The newest social media fad (outside of pining for Obama's third term) is to list ten books that "stayed with you". It is my general practice to avoid all Facebook chain letters, but I love books too much to skip this one. I love books so much that at times in my adolescence I would carry two to three books with me everywhere I went. Everywhere. Before there was an iPhone to quell the slightest tinge of boredom, I had books. Although I have less time now, I still read every night and normally read 15-20 books a year (maybe only 10 this year, but I blame What It Takes for some of that).
So while I take great pride in my list, I think that it would change from year to year, mood to mood, life crisis to life crisis. Some of the books listed below (Corner, Lincoln's Sword) are fundamental to how I see the world, but others may wash away or be replaced over time. Without any further introduction, my top six:
1. The Corner - David Simon
If you haven't read this book, you are doing yourself a disservice. It is my all time favorite nonfiction work (although I think there are fictional components). Simon interweaves essays on urban policy with a narrative following a dozen residents of a Baltimore neighborhood. The most lasting impact of the book is the exasperation involved in a complex social problem that many intellectuals believe they can solve.
2. The Black Swan - Nassim Taleb
Another book that changed the way I see the world. My favorite quote (that I follow): "Answer e-mails from junior people before more senior ones. Junior people
have further to go and tend to remember who slighted them."
3. Lincoln's Sword - Douglas Wilson
Lincoln's Sword is the reason this blog exists. This book should inspire us all to write more, particularly about the manner in which we are governed. In an age where everything is either an insult or deification, Lincoln's writing style is refreshing. Wouldn't it be a different place if people saw an obligation in disagreement to engage the other side in debate?

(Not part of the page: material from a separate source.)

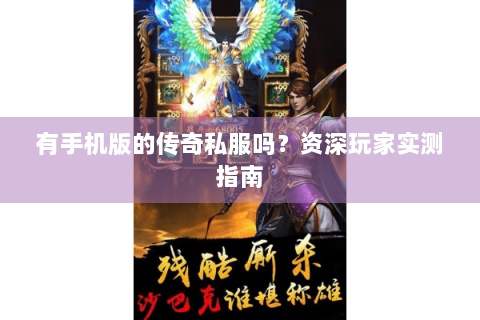 有手机版的传奇私服吗？资深玩家实测指南
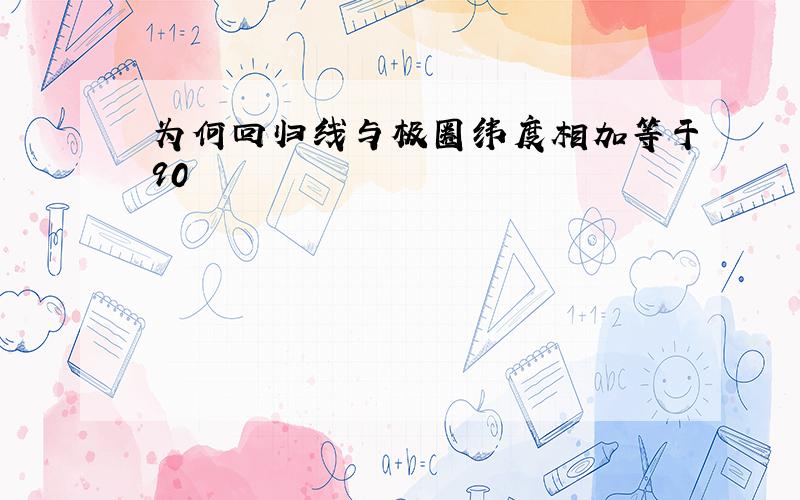 为何回归线与极圈纬度相加等于90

4. Team of Rivals - Doris Kearns Goodwin
Just a great book about leadership. Much of the hype about this book focused on the personalities, but I think the much more interesting aspect of the book is the balance Lincoln struck between dove and hawk Republicans (a feature of the Lincoln movie).
5. Bloodsworth - Kirk Bloodsworth
I read this book in law school, which is a feat all its own. When you can accept that our legal system, and a jury of our peers, sentenced an innocent man to death, you can't help but view that system with great skepticism.
6. A Problem from Hell - Samantha Power
Now the United States Ambassador to the United Nations, Samantha Power wrote this powerful book about genocide and our country's role in ensuring intervention whenever it occurs.
That's all for today. Maybe I'll get to my last four in another post.
Have a great Friday doing what you love!